The Mongolians have had a painful lesson on mesh networking according to the OLPC current events webpage. Broadcast storms in the overly dense mesh environment along with excessive mDNS broadcast traffic seem to have crippled the Gobi desert experiment. Here’s an excerpt:
We have painfully discovered the limitations of the mesh and current collaborative software in Mongolia, where the convolution of the number of laptops with bugs #5335 (more mDNS traffic than expected) and #5007 (mesh repeats multicast too much) make the perfect storm, which prevents anybody from using the network. We will continue to improve the mesh performance, but clear guidelines are needed as to what network infrastructure to deploy under what conditions. Once a certain density of students is exceeded, a wired backbone and conventional access points will be required.
The limitations of mesh topology are well known in the wireless engineering community and I’ve raised the issue and pointed out the limitations last September.
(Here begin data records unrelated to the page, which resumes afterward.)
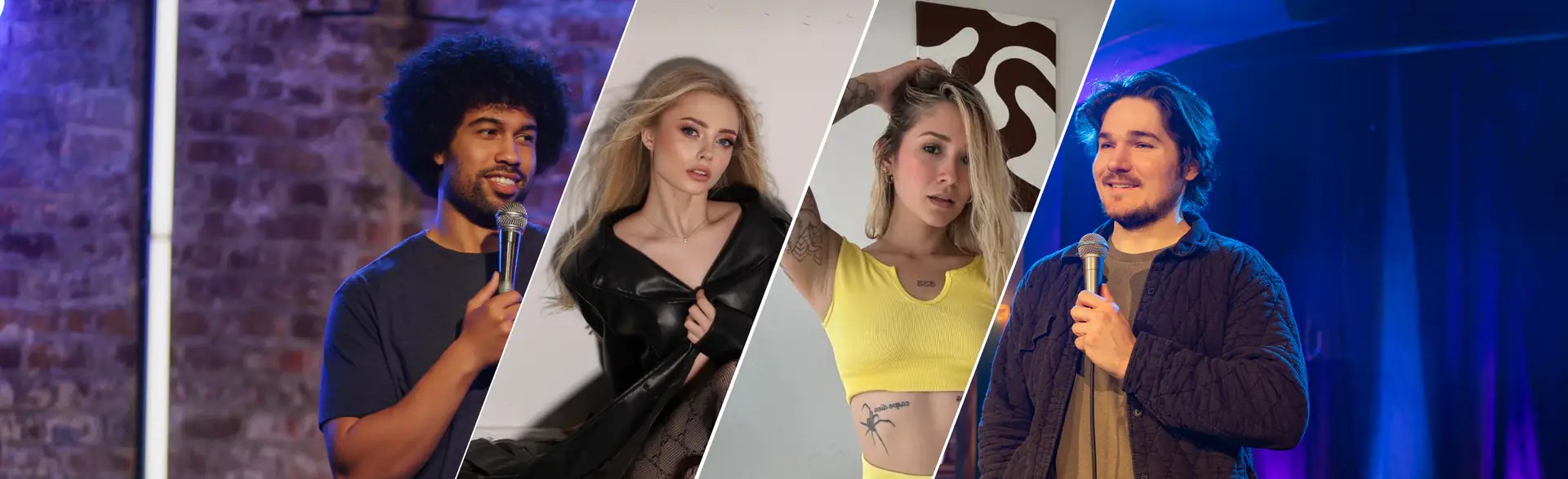 Recent OnlyFans Blog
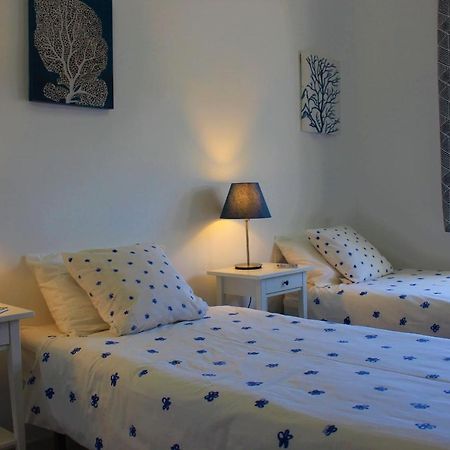 Villa Soraya Faro Park Playa Blanca  Ngoại thất bức ảnh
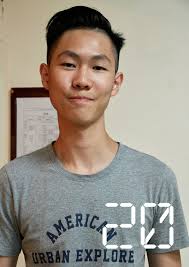 Pacific American School Yearbook Blog (@pasyearbook) • Facebook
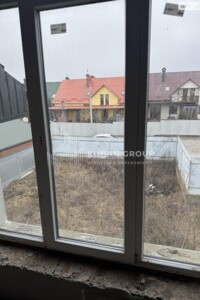 двоповерховий будинок, 498 кв. м, цегла. Продаж в Хмельницькому, район Гречани ближні фото 2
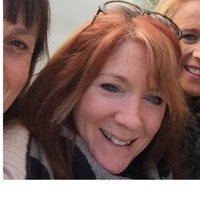 Lorraine Simpson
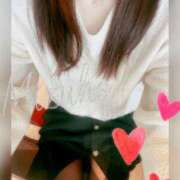 ヒメ日記 2025/01/29 21:32 投稿 みず穂 ミセスラウンジ東京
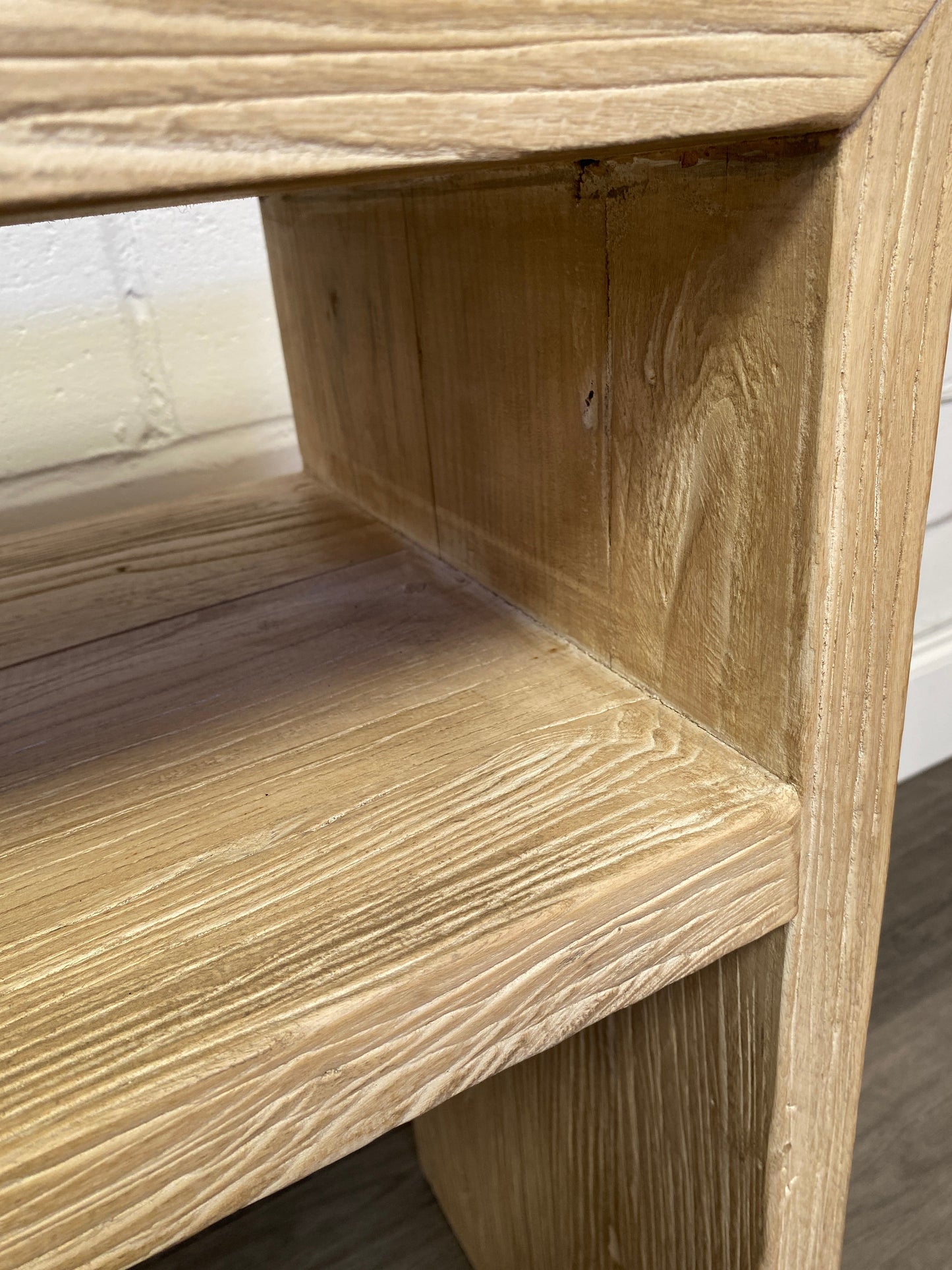 Beacon Console Table - Ex-display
Each mesh hop you add increases the propagation delay as well as multiply the radio traffic and congestion. Performance on a mesh network is fundamentally many times slower than a non-mesh network and when the density gets high enough, the system simply breaks down.
When on a tight budget, I had always recommended the usage of a cheap $60 router running open source DD-WRT would have sufficed and you get a free router with it which you need for IP sharing anyways. The addition of a high-powered antenna would allow the access point to hear distant signals from faint clients and it will amplify the broadcast signal. A simple in-door $26 9 dBi antenna placed up high can easily cover a small school. A $60 12 dBi outdoor antenna positioned on the roof would easily cover an entire campus. If you put two centralized Access Points and large antennas on channel 1 and 11 (avoid adjacent channels because of channel bleeding) in the 2.4 GHz spectrum, you can load balance and have redundancy if one set of AP/antenna fails.
My fellow blogger and teacher Chris Dawson feels that the ability to do peer-to-peer collaboration with or without an Access Point has great potential. But peer-to-peer wireless collaboration could have been done with regular ad hoc networking technology without the expense or problems of a full 802.11s mesh implementation.
The inclusion of full 802.11s stack has been challenging. The need for a radio system that stays on and continues to forward packets even while the laptop is off added unnecessary expenditure to the OLPC XO and it unnecessarily drains the laptop batteries. When you multiply this expense and complexity across all the clients and realize that the wireless access point comes free with the router, it becomes clear that this may not have been the best design decision.